Goodbye Steve Jobs

I didn't know Steve Jobs, but I definitely feel an emotional connection because of how much he affected my life. As a middle-school kid in the mid-eighties, I learned BASIC on a Sinclair ZX-81, which attached to a black & white TV, used audio cassettes for storage, and came with 1K of RAM. We had the 16K RAM expansion pack. It was a piece of garbage, but it was fun to play with.


I knew people who had Apple IIs and Commodores, and I had used TRS-80s in computer labs. None of them were particularly impressive. My dad and I knew we would eventually have to get a real computer, and we were planning to get a Coleco Adam.

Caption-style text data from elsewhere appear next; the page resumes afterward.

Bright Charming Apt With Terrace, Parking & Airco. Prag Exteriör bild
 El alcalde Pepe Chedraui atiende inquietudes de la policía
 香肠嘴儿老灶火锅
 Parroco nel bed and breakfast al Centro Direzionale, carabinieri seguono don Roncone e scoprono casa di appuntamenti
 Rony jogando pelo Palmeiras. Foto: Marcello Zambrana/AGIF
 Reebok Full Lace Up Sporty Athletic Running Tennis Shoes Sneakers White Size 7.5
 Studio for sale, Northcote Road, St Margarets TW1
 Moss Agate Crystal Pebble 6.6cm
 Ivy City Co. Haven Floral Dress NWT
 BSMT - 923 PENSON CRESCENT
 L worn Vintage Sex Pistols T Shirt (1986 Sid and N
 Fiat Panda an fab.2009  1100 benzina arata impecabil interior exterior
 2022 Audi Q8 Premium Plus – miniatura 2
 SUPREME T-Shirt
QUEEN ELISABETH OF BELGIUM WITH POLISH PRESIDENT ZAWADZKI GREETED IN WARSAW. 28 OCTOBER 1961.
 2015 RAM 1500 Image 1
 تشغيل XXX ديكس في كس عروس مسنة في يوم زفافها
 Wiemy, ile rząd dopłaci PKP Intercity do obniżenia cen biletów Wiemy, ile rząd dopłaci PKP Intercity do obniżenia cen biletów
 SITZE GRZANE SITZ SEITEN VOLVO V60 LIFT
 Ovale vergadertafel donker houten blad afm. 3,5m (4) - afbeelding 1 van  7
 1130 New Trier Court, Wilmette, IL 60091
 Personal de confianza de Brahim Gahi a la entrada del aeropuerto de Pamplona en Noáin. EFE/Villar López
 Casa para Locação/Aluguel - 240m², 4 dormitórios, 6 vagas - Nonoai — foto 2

Then the Mac came out. (We weren't into football; I never saw the Superbowl ad. We learned about the Mac from the computer magazines we subscribed to.) It was love at first sight. It was obvious that this was how computers should be.


But an original Mac cost a boatload of money: $2495 (over $5000 today). My parents said we'd get a real computer when I started high school. So we passed on the original Mac, and the Mac 512, and the Mac XL ($3995 in 1985, over $8000 today). When I started high school in 1987, we bought a Mac Plus ($2599 in 1986, but I think about $1800 when we bought it in 1987).


For me it's been Macs ever since then. The darkest days, of course, were in the mid nineties. Especially for me: I graduated from college and got a job in 1995. At work I had to use Windows—Windows 3.1 at first, and then Windows 95, both disastrous, tasteless imitations. (Of course Steve wasn't at Apple anymore, but he had built something so good that Microsoft could not match it, no matter how much profit they made or how much market share they swallowed.) Worse, at that time it looked like Apple might not survive, and the future would be dominated by Windows. Even the lowest low point, Mac OS 8, was still so much better than the alternative that I vowed to go down with the sinking ship, among the last stragglers holding onto the last Macs.


But the ship didn't sink, and the rest is legendary.


Perhaps we shouldn't attribute the original Mac so entirely to Steve. There was a whole talented team behind it, much like the Apple of today (smaller, of course). But Steve definitely was the one who built Apple into a position where it could create the Mac, and he was the demanding, critical presence that made the Mac so good. By founding NEXT, he also kept himself in a position to push the computer industry forward even after he was forced out from Apple. And that enabled him to engineer Apple's comeback. I hope that Apple will maintain Steve's ideals and perfectionism for many years to come.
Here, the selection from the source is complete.